A three-judge panel of the Ninth Circuit Court of Appeals has upheld an injunction against a California school board's policy of allowing school-sponsored Christian prayers at meetings.
In a decision released Wednesday, the panel ruled in favor of the Freedom From Religion Foundation and other plaintiffs against Chino Valley Unified School District.
A Per Curiam opinion, the ruling upheld a lower court decision granting FFRF and local plaintiffs an injunction against the school board practice.
"The Board's prayer policy and practice violate the Establishment Clause. The invocations to start the open portions of Board meetings are not within the legislative prayer tradition that allows certain types of prayer to open legislative sessions," read the panel decision in part.

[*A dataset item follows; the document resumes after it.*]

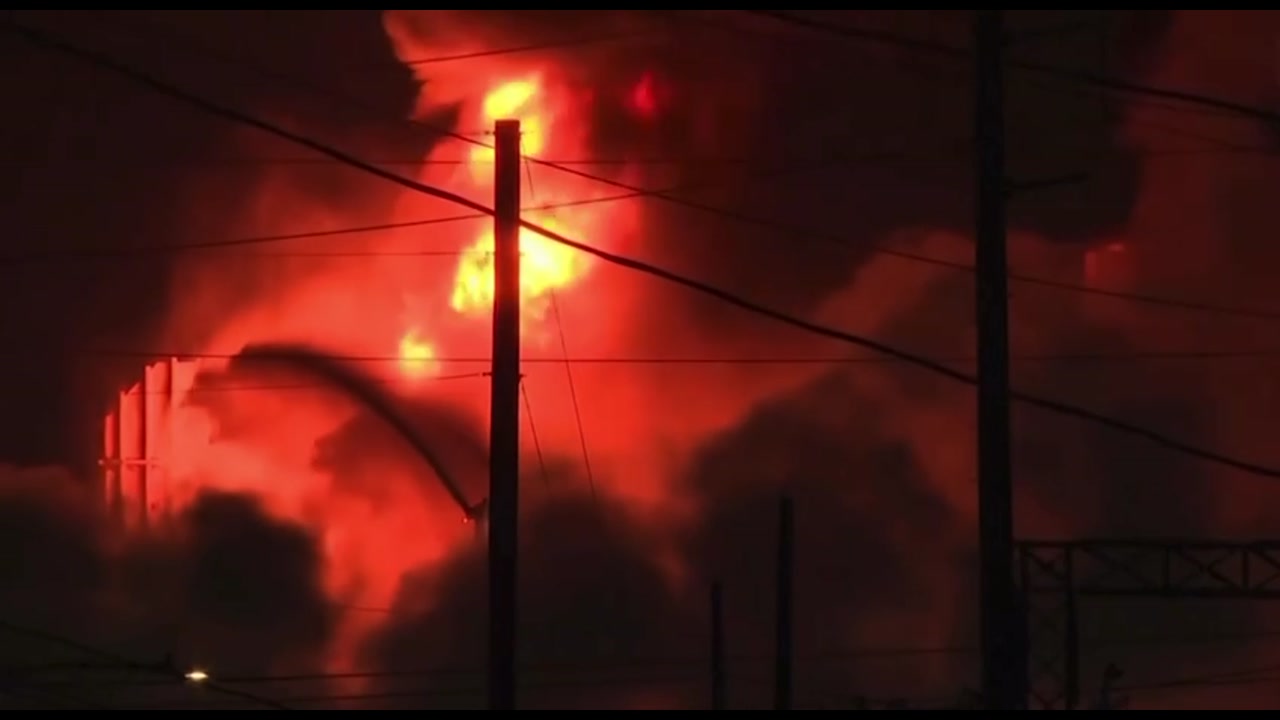 [Video] Large fire at Chevron oil refinery in El Segundo near Los Angeles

"This is not the sort of solemnizing and unifying prayer, directed at lawmakers themselves and conducted before an audience of mature adults free from coercive pressures to participate, that the legislative-prayer tradition contemplates."
The panel added that in contrast to past decisions allowing for the presence of sectarian prayers at government meetings, "these prayers typically take place before groups of schoolchildren whose attendance is not truly voluntary and whose relationship to school district officials, including the Board, is not one of full parity."

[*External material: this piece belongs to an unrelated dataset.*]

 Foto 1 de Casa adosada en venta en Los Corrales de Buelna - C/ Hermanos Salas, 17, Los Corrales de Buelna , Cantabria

The Ninth Circuit judges then applied the Lemon Test to the school board's practices, arguing that the board's invocation policy "lacks a secular legislative purpose and therefore ... violates the Establishment Clause."
Regarding the panel decision, FFRF Co-President Annie Laurie Gaylor said in a statement released Wednesday that the ruling was a victory for reason and the U.S. Constitution.

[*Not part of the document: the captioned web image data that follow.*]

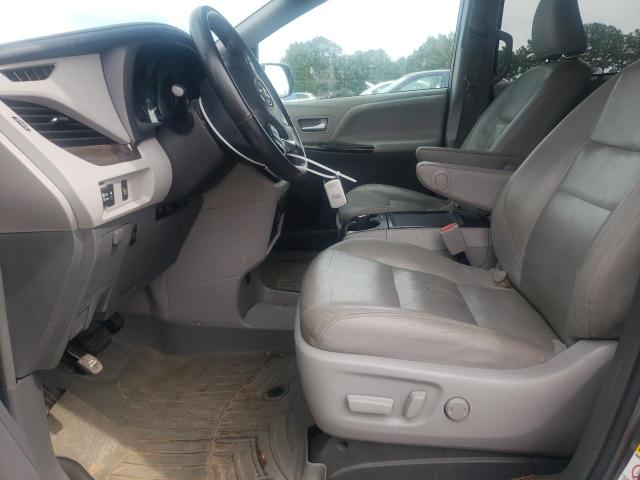 Photo 7 from auction – 2017 TOYOTA SIENNA XLE with VIN 5TDYZ3DC2HS812102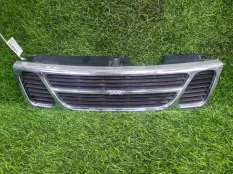 Решетка радиатора Saab 900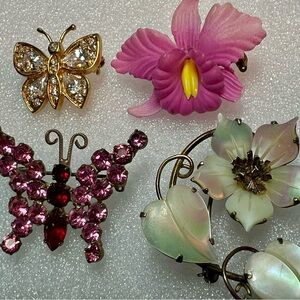 Butterflies and flowers Brooch Set-Vintage 4 brooches/pins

"This serves as a warning against the other school boards out there that they cannot use their public position to impose religion on other people's children and parents," stated Gaylor.
In 2014, the Chino Valley school board passed a resolution allowing for an invocation to be given at meetings either by a local clergyman or a board member.
These prayers could be sectarian in nature. Board members read from the Bible and made Christian comments during the proceedings.
In response, FFRF along with several local plaintiffs, including students, filed suit and in Februrary 2016 a district court sided with them, declaring the board's actions "unconstitutional government endorsements of religion in violation of Plaintiffs' First Amendment rights."
The school board appealed the ruling, with oral arguments being held last November. Attorney Robert Tyler defended the board, arguing that the policy was based in the longstanding tradition of legislative bodies to have invocations before meetings and that it had inherent benefits for the board members.
"It helps set aside the petty differences, seek divine guidance and solemnize these opportunities for the school board, for the legislative body," argued Tyler last year, as quoted by Courthouse News.